Comments

1
Triple the number of municipal districts ( to match the rise of the populace since 1915) and you'll see a more accurate representation of the residents. -- http://www.proportional-representation.o… .
2
When counting election results, we need to remember that you need 50% +1 to win. This means Grant is realistically 7 points behind. Kshama is 5 points ahead, etc. been watching position 8 and in the past 2 days Grant had gone from 10 points behind to 7. That one will be fun to watch. As Herbold and Morales are both realistically 3 points behind (with little seperate on in votes), we can already assume that they won as well.
3
@2: Herbold is behind by less than half a percent by traditional counts, so by your count, she's .25% behind? And even if I give you the benefit of the doubt that you were talking about the 4:30 drops despite not posting till 10, you're still wrong, because Herbold was only 1 point behind then by your metric, and Morales 2...
4
If you look at the newest results for District 1 that are linked above, it breaks it down as follows:

Lisa Herbold: 10,801 (49.54%)
Shannon Braddock: 10,905 (50.02%)

Or am I missing something?

Looks like they updated the vote counts for this race in the article to show that Herbold is only a little over 100 votes behind, but they did not update the percentages from the previous count.
5
I'm not a math wiz, so I so apologies in advance if I've done it wrong, but if there are 2,606 votes left to be counted in D1 and we assume no more write-ins, then it looks like 52.1% of those votes need to go Herbold's way in order for her to win. If that happens, then the final tally would be as follows:

Herbold: 12,159 (0.5001)
Braddock: 12,153 (0.4999)

If it's that close, presumably we're headed for a recount, right?
6
Recount threshold depends on the total number of votes cast but it'll probably end up being somewhere in the area of 125 votes apart or less.
7
The drops since election night have skewed leftward in every race where there's a left candidate. Thia is true even where the Chamber-Dem is leading.

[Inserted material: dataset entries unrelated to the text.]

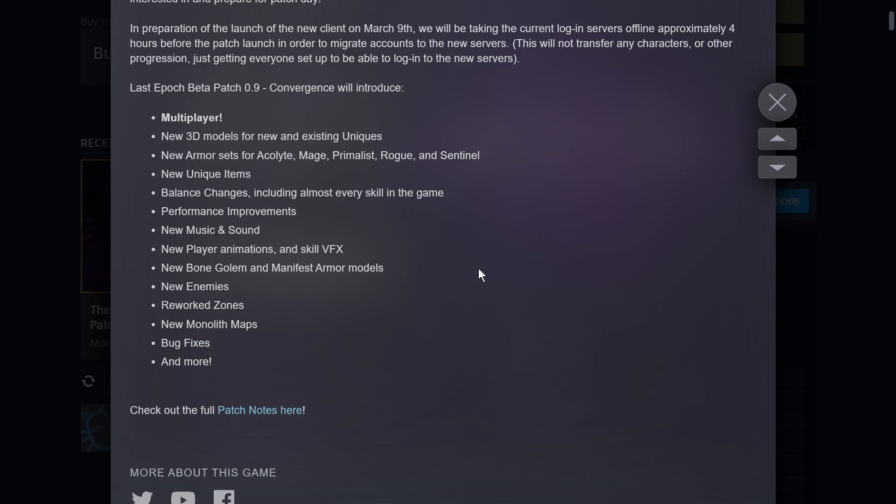And so it'll be cool to get in there and see what has changed with the build that I set up during that playthrough. Some pretty significant performance improvements in the patch, new music and sound, new player animations and skill VFX, new bone golem and manifest armor models. I saw the post that they made about those and they looked really cool. A bunch of new enemies. I think particularly they added some new ones to the beginning of the game, which is really cool. Reworked zones, new monolith maps, which I'm sure a lot of people are excited about, and then a host of bug fixes.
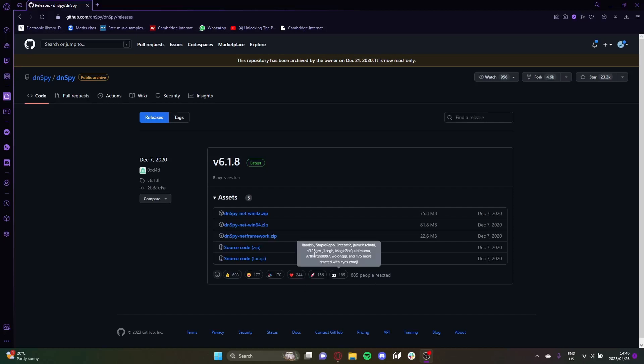Hello everybody, welcome to the second tutorial in the series. In the previous tutorial we did the basics of setting up a project. Now we're going to be talking about using DNSpy to decompile IL code.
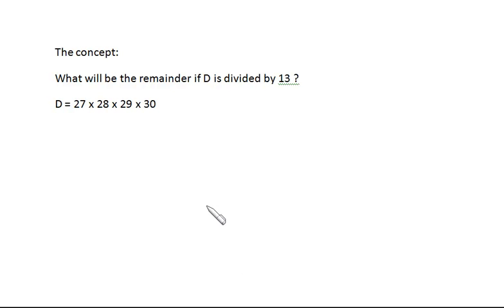Let's begin with the first concept: what will be the remainder if d is divided by 13, where d is the multiplication of 27, 28, 29, and 30? In competitive examinations, aspirants are not expected to do this multiplication manually and then divide by 13. There must be some logic, because in all these exams we have a time constraint, and doing this by manual methods would take more than 10 minutes.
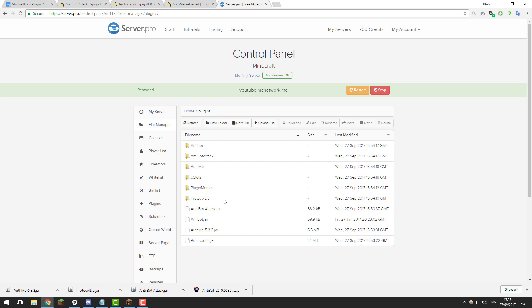So now if you were to log into your server, because we have AuthMe installed you will be required to register and log into the server each time you join. So let me just do a quick demonstration of that.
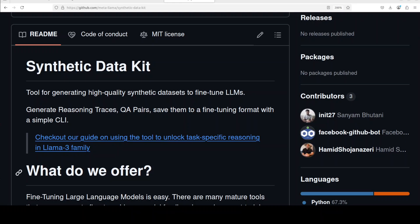This video shows how to install and use Synthetic Data Kit locally in order to generate a synthetic dataset. Fine-tuning a large language model is not easy. 99% of the time, the fine-tuning of a model fails due to the underlying dataset.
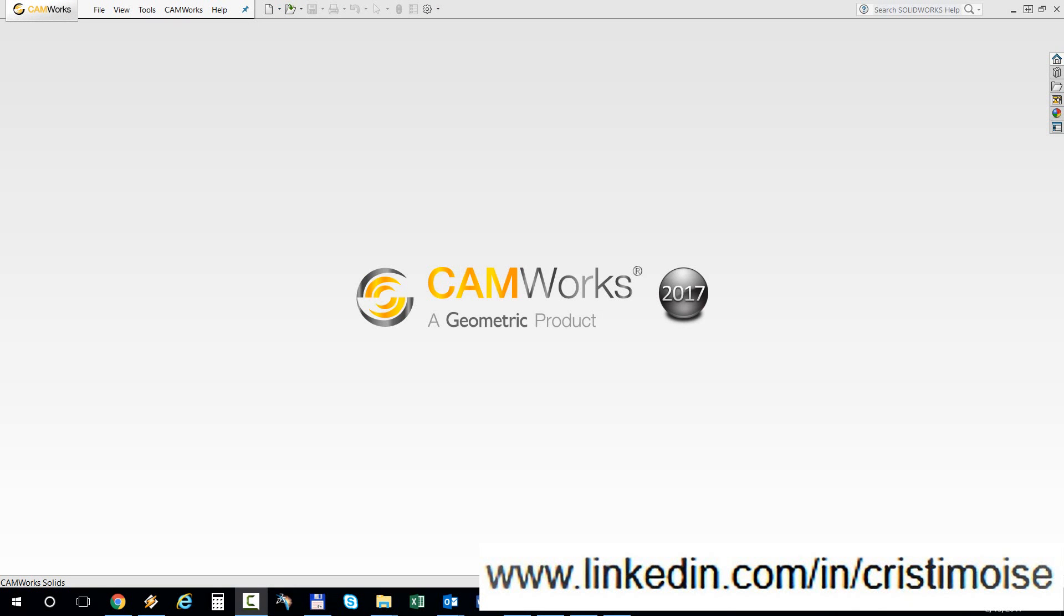Hello, Christian here. Today I want to show you a new function in CAMWorks 17.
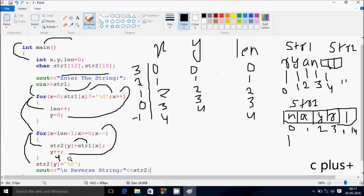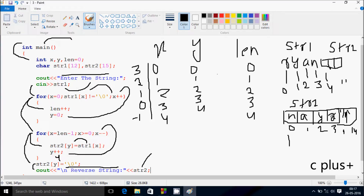So str2 — y value is now 4, so position 4 is assigned the null character. Hereafter control comes to this point. This displays the value of str2 on the output screen. So str2 value is NAYR, and hereafter that exits from the main function. So the final output we have is NAYR. So this is the trace method of this program. I hope you understand. Thanks for watching, see you next time.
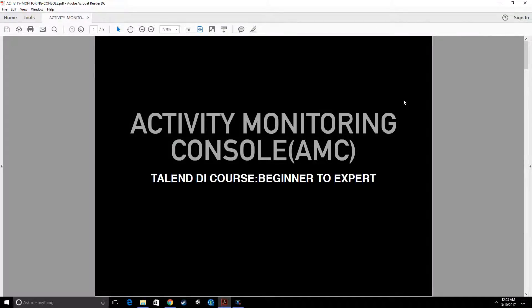Hello, welcome back to the Talend Data Integration course for Beginners to Expert. In this section, I am going to explain what Activity Monitoring Console is and walk you through why we need it. Once we learn why we need it, I will show you how to set it up. We will then generate some actual logs to monitor, and use AMC to monitor those. So let's dive in.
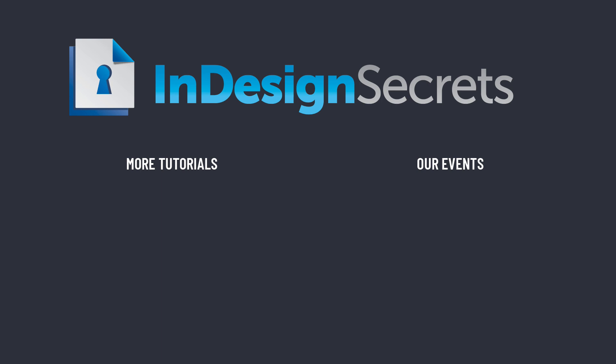Thanks for watching this video, and if you want lots more tips like this, be sure to check out InDesignSecrets.com and subscribe to InDesign Magazine.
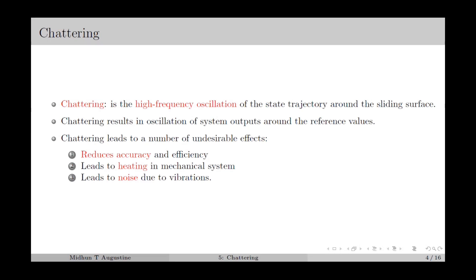Chattering is basically the high frequency oscillation of the state trajectory around the switching surface or the sliding surface. Chattering leads to a number of undesirable effects such as reduced accuracy and performance of the system. The high frequency switching and oscillations can lead to heating in mechanical systems, and it can also result in noise due to vibrations.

The trends point to Herbold and Morales winning, Johnson eking out a less than 200 vote win over the prematurely conceding Maddux, and Burgess/Grant closing around 52/48.

Not a good ROI on Chamber-Dems for the developer-conservative IEs.
8
@2: Sorry, man, but you're completely mistaken. Percentages are irrelevant at this stage of the game--it's all about the lead. Burgess led by more that 12,000 votes on election night and now is up by 15,862 votes. Which means Grant has lost ground on Burgess through five extra counts, even though the percentage he's losing by has gotten smaller.
9
@5: No, District 1 West Seattle has approx 3,300-3,400 uncounted votes that could influence the city council race (some won't vote for either candidate or write in someone else). I don't think there will be a need for a recount in District 1 since Herbold got 53.5% of the second to last batch counted and 57% of the last batch counted. I could be wrong.